7.9.7. Editing a Profile

See General usage section for inline editing.

7.9.8. Deleting a Profile

Deleting a profile removes the user’s access to the devices and deletes any PxM user account created on the device.

Once deleted the profile cannot be reinstated. The profile would have to be recreated.

To delete:

  1. On the Manage profiles page, right-click on a profile and then click Delete iconDelete within the context menu.

    Note

    If the profile contains devices, a warning appears. Click Continue.

  2. Within the Question window, click Yes.

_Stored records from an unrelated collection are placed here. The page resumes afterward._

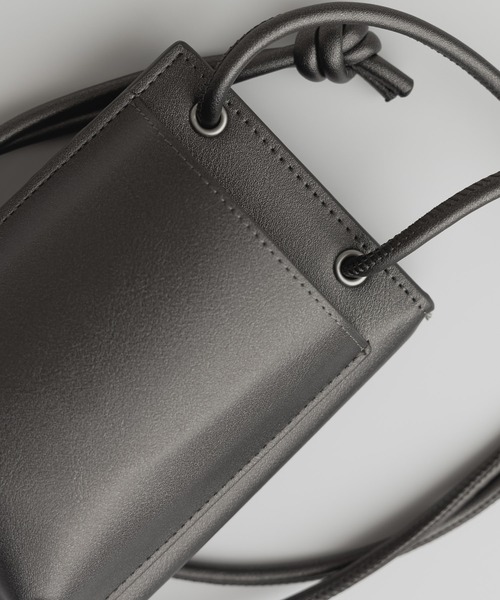 remer（リメール）の「mini shoulder wallet bag / ミニショルダーウォレットバッグ（ショルダーバッグ・メンズ・アイボリー/ブラック/ブラック×シルバー・FREE）」の17枚目の写真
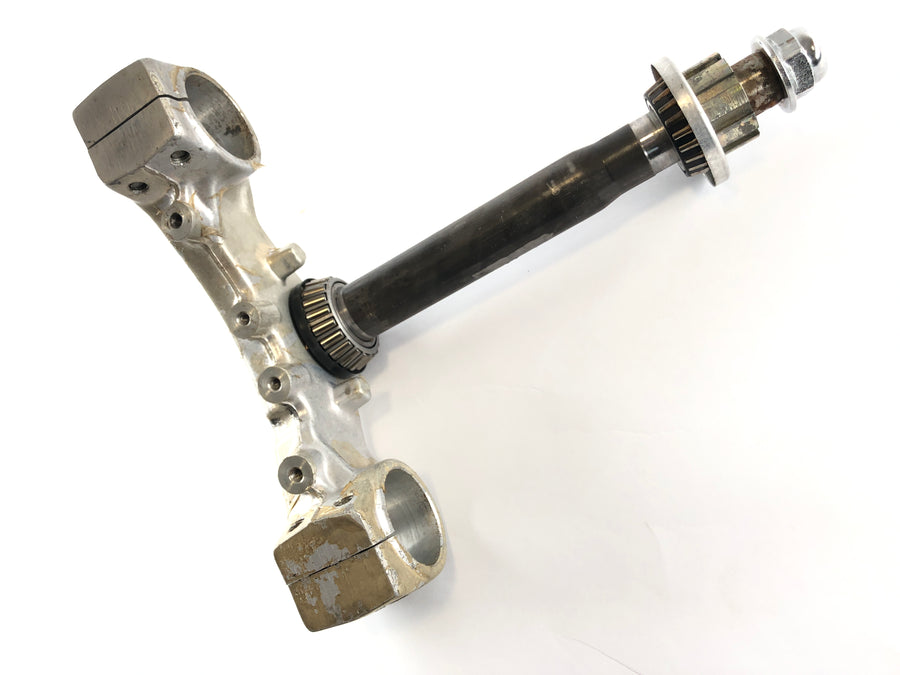 Yamaha V-max 1200 2EN [1997] - lower triple clamp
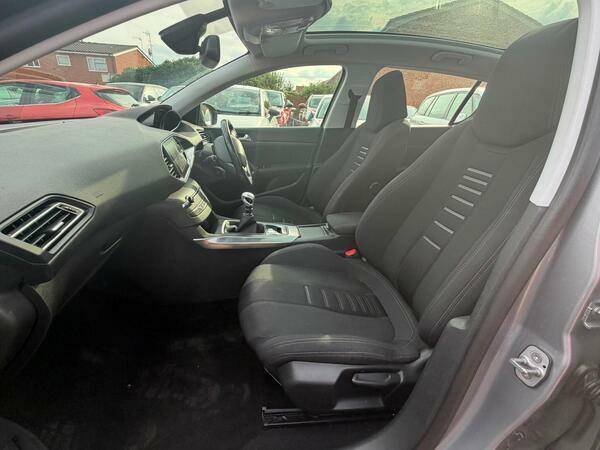 Peugeot 308 1.6 Hdi 115 Active 2014 Red #31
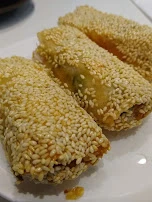 Sesame Prawn Wrap with Rice Paper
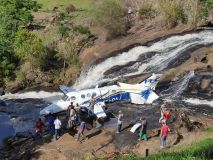 Destroços da aeronave com a matrícula PT-ONJ, que levava a cantora Marília Mendonça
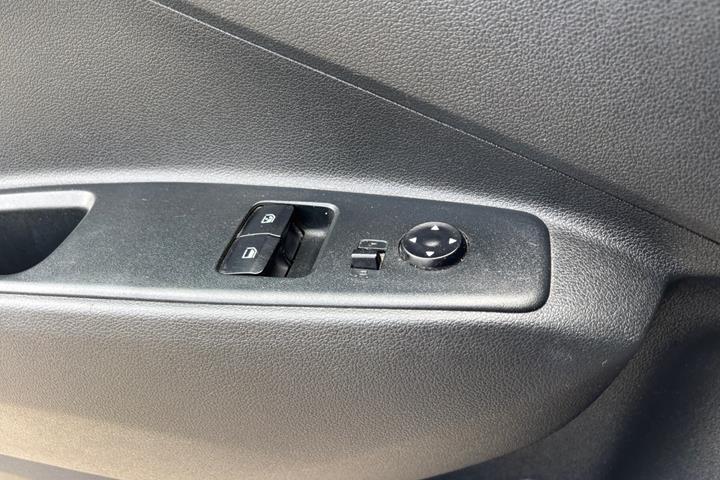 Grå Hyundai i10 fra 2020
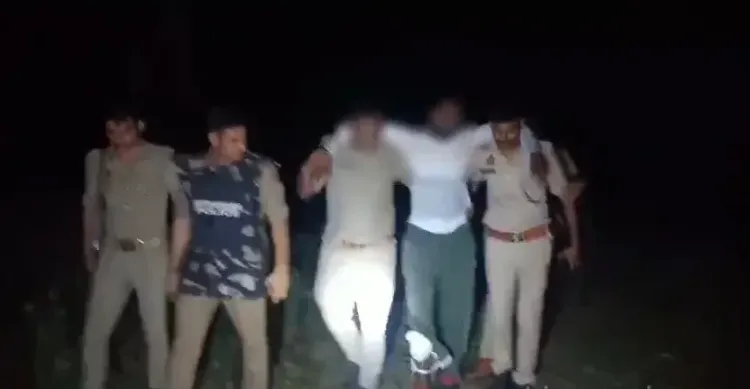 फर्रुखाबाद मुठभेड़: कटिया चौराहे पर पुलिस से भिड़ा गैंगस्टर, दाहिने पैर में गोली लगने के बाद गिरफ्तार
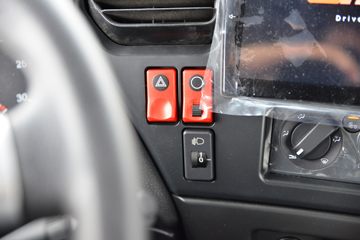 �����½� ����D7V 480���� 6X4 LNGǣ����(DFV4258GP6N)ͼƬ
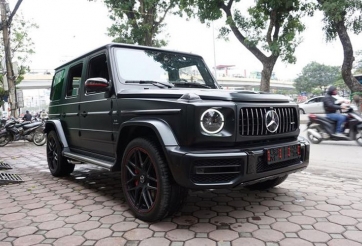 Chủ tịch cafe Trung Nguyên mua bộ đôi Mercedes-AMG G63 Edition 1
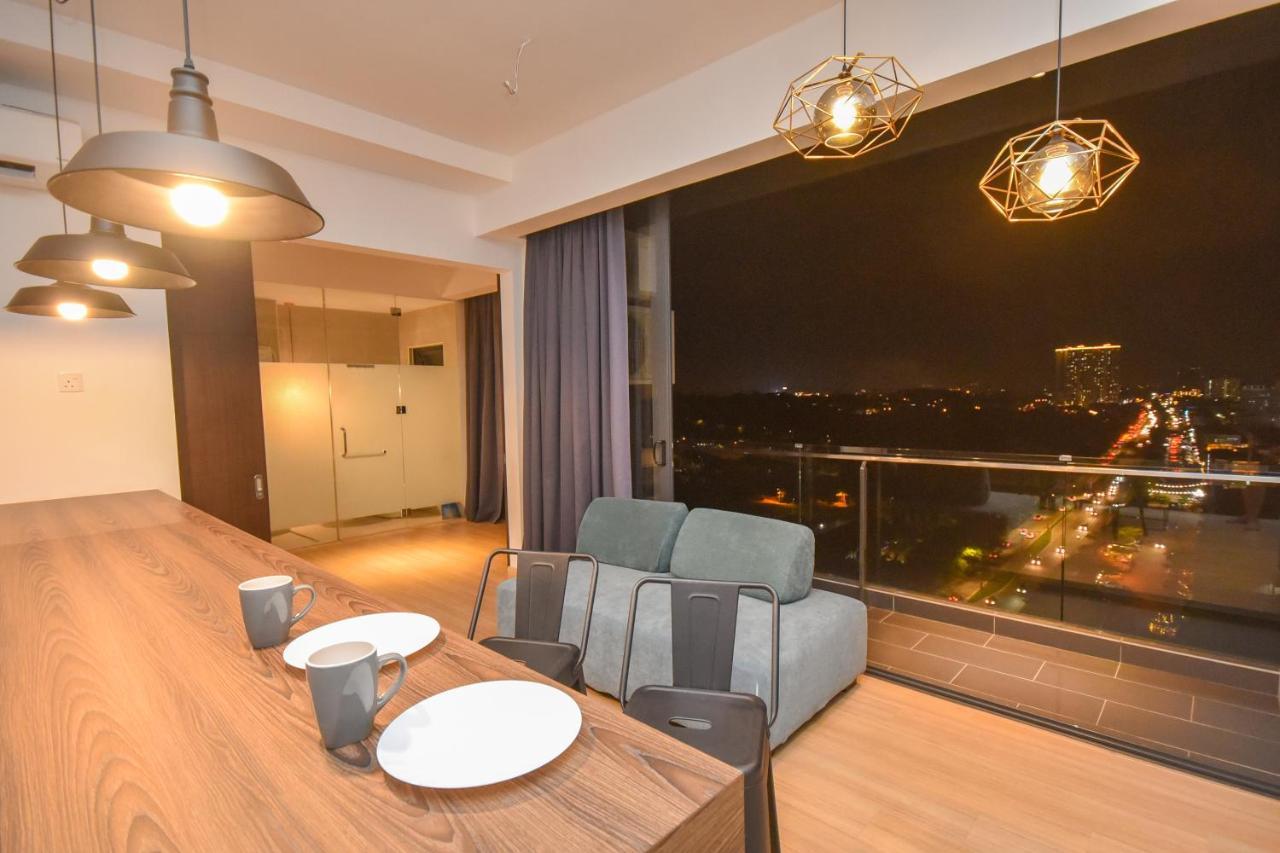 Cube 8Teens By Nest Home Johor Bahru Exterior foto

    During deletion, the profilescan task is run which will:

    • Disconnect users logged onto any of the devices within the profile.
    • Device and Auth Services account update task will be run to remove any accounts on the device.
    • The profile is deleted from the list and cannot be reinstated.

    Note

    Orphaning a device means that the profile being deleted is the only profile that is linked to this device’s highest level of permission. If the device only has ‘read’ and ‘readwrite’ as permissions, then this might mean that no users will have ‘readwrite’ access to manage the device.